Gelehrte Konvertiten hatten häufig den Wunsch, ihre Kenntnisse über die Herkunftsreligion auch nach dem Glaubenswechsel zu nutzen. Sie strebten Tätigkeiten als Hebräischlektoren, Übersetzer, Dolmetscher und Autoren, in seltenen Fällen ein Theologiestudium an. Da sie in der akademischen Öffentlichkeit unter einem besonderen Rechtfertigungsdruck bezüglich ihrer Konversion standen, entsprechen ihre Autobiographien literarischen Konstruktionen im Rahmen christlicher Apologetik, deren soziale Kontextuierung bis in die zweite Hälfte des 20. Jahrhunderts unberücksichtigt blieb. Der Glaubenswechsel wurde als Beweis für die Überlegenheit des Christentums dargestellt, häufig untermauert mit antijüdischen Inhalten. Die Veröffentlichungen der Konvertiten unterstrichen nicht nur den Triumph der christlichen Religion, sondern dienten auch der beruflichen Reputation.
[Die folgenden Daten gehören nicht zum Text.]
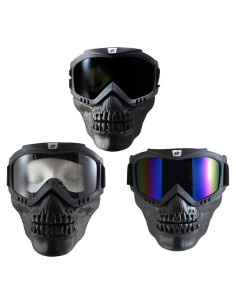 3 Pares de Gafas de Motocicleta Birdz Skullbird con Lentes
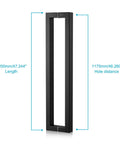 Beefy Heavy-Duty Stainless Steel Push Pull Door Handle Set, 1200mm (48in) Length, Matte Black Finish, Solid SUS304 Standoffs, Square or Rectangle Shape, Barn Door Pulls and Glass Pulls, Industrial-Grade Quality, 1200mm handle front view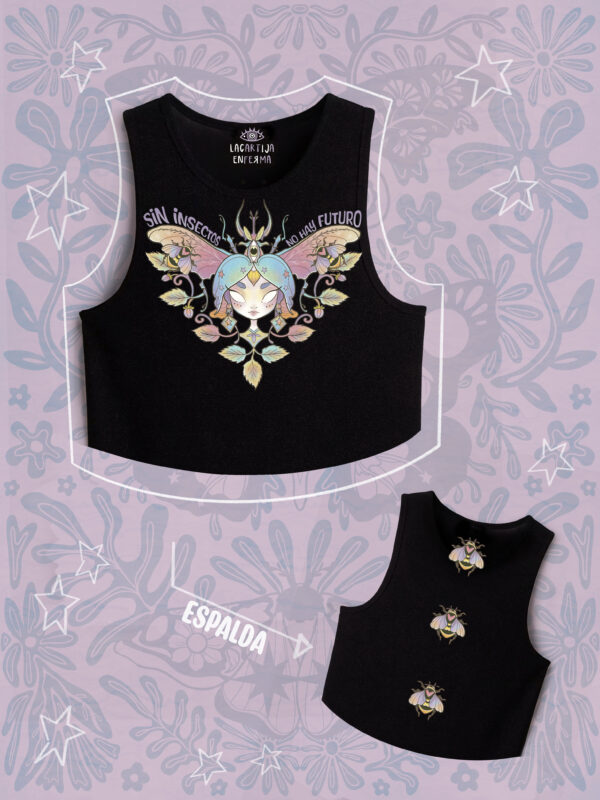 Crop Top sin mangas "Sin insectos no hay futuro"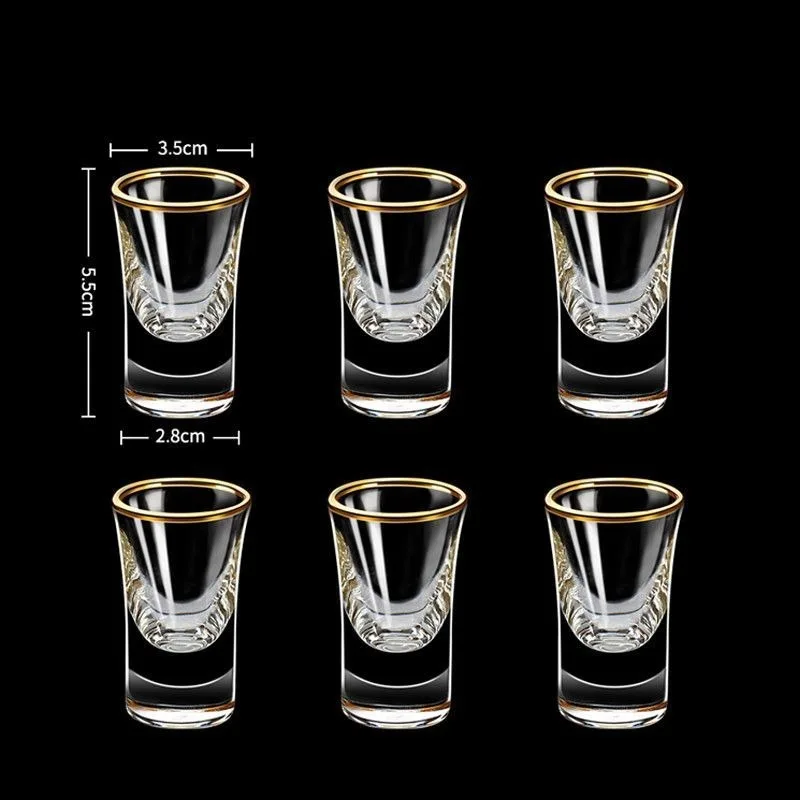 

6pcs Gold Foil Color Spirits Cups Household Creative Small Wine Cup Glass Gilt Edged Cup Wine Dispenser Baijiu Wholesale Cup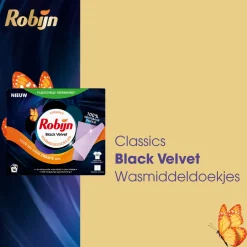 Robijn Classics Black Velvet Wasmiddeldoekjes - 4 X 16 Wasstrips - Voordeelverpakking - 64 Wasbeurten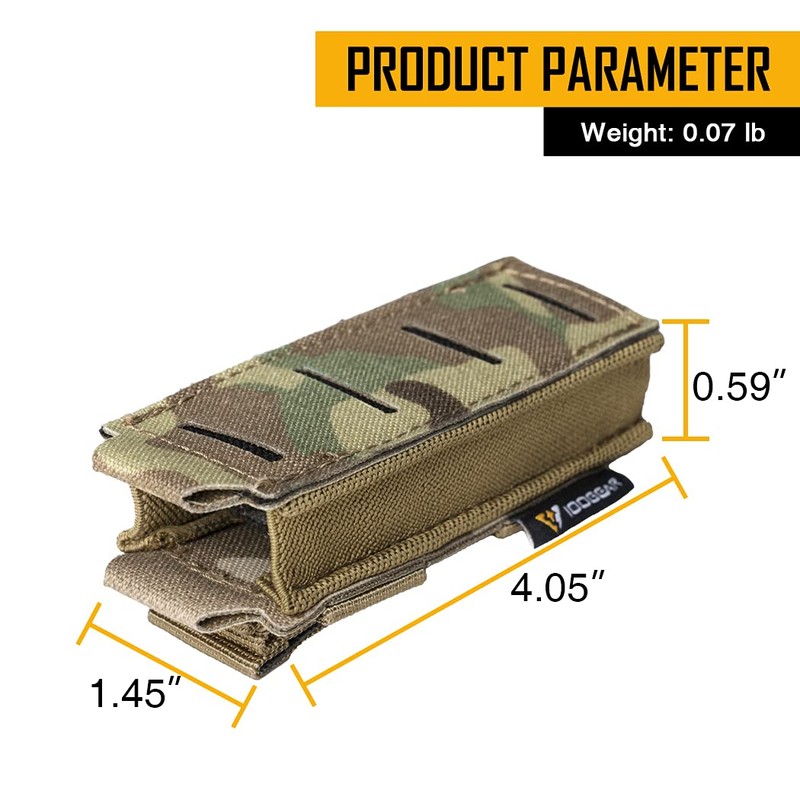 IDOGEAR Single Pistol Mag Pouch Elastic Molle Top Open Pouch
Als Motive ihrer Konversion nannten sie, ebenfalls ganz im Sinne einer Legitimationsschrift, die Unzufriedenheit mit und die Entfremdung von der eigenen Religion, insbesondere auf Grund von Zweifeln durch die Lektüre des Neuen Testaments.
Das Promotionsprojekt untersucht die Lebensbeschreibungen und Traktate jüdischer Konvertiten auf einer breiten, bisher unberücksichtigten Quellenbasis, um ihr intellektuelles Profil in einem kulturellen und sozialen Milieu zu verorten. Außerdem sollen auch Konvertiten ohne akademischen Hintergrund aus einer kultur- und sozialhistorischen Perspektive beleuchtet werden. Besondere Berücksichtigung soll das Verhalten der Vertreter des Pietismus und der lutherischen Orthodoxie gegenüber jüdischen Konvertiten finden. Gefragt wird nach den Auswirkungen dieser Strömungen auf das Agieren der Taufwilligen und Getauften, aber auch, welche Funktion die Taufen von Juden bei den jeweiligen pietistischen oder lutherisch-orthodoxen Vertretern einnahm.
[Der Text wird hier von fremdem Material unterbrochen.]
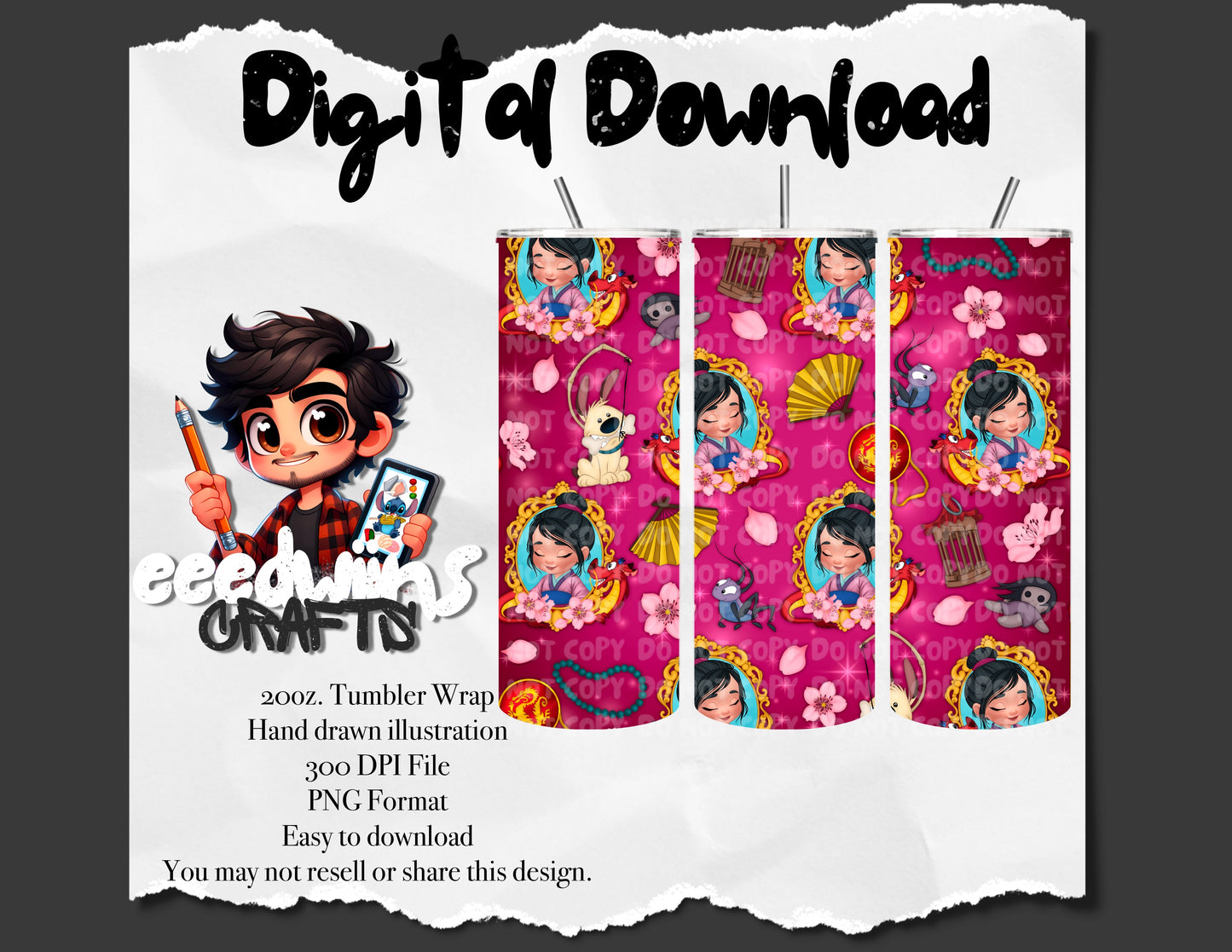 20OZ. TUMBLER SEAMLESS WRAP. PRINCESS FRAME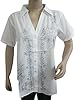 Bohemian Top, Embroidered Shirt Womens White Grey Cotton Blouse Medium Size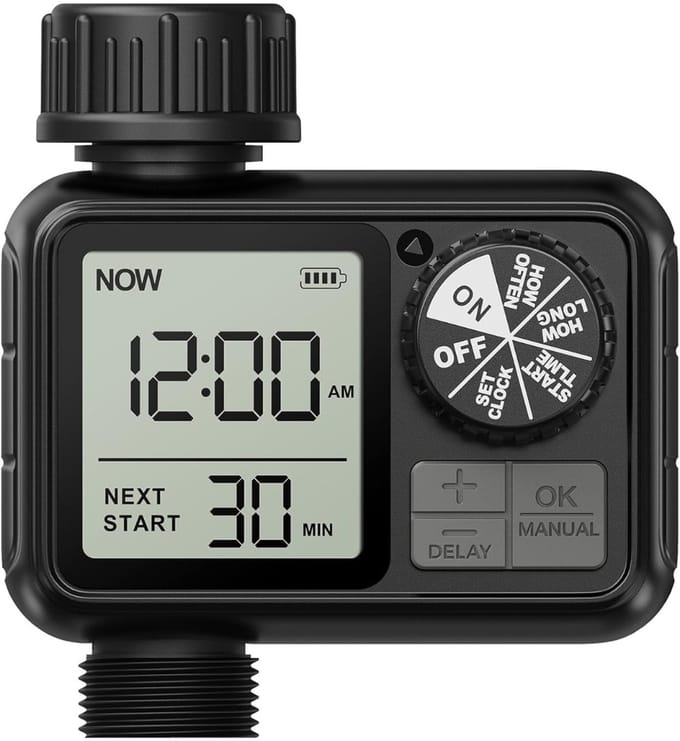 HEZIVO® Beregeningscomputer - Watertimer - Irrigatietimer- Met Regenvertraging - LCD-display - Automatische en Handmatige Modus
Untersucht werden auch die Verbindungen zwischen dem Herzogtum Gotha und dem "Institutum Judaicum et Muhammedicum", welches 1728 in Halle gegründet wurde und bis 1792 bestand. Dabei ist von besonderer Bedeutung, dass die aus dem Herzogtum Gotha stammenden Persönlichkeiten August Hermann Francke (1663-1727) und Johann Heinrich Callenberg (1694-1760), die in Halle die erste lutherische Judenmission vorbereiteten und schließlich initiierten, bereits im konvertitenfreundlichen Milieu Gothas aufwuchsen.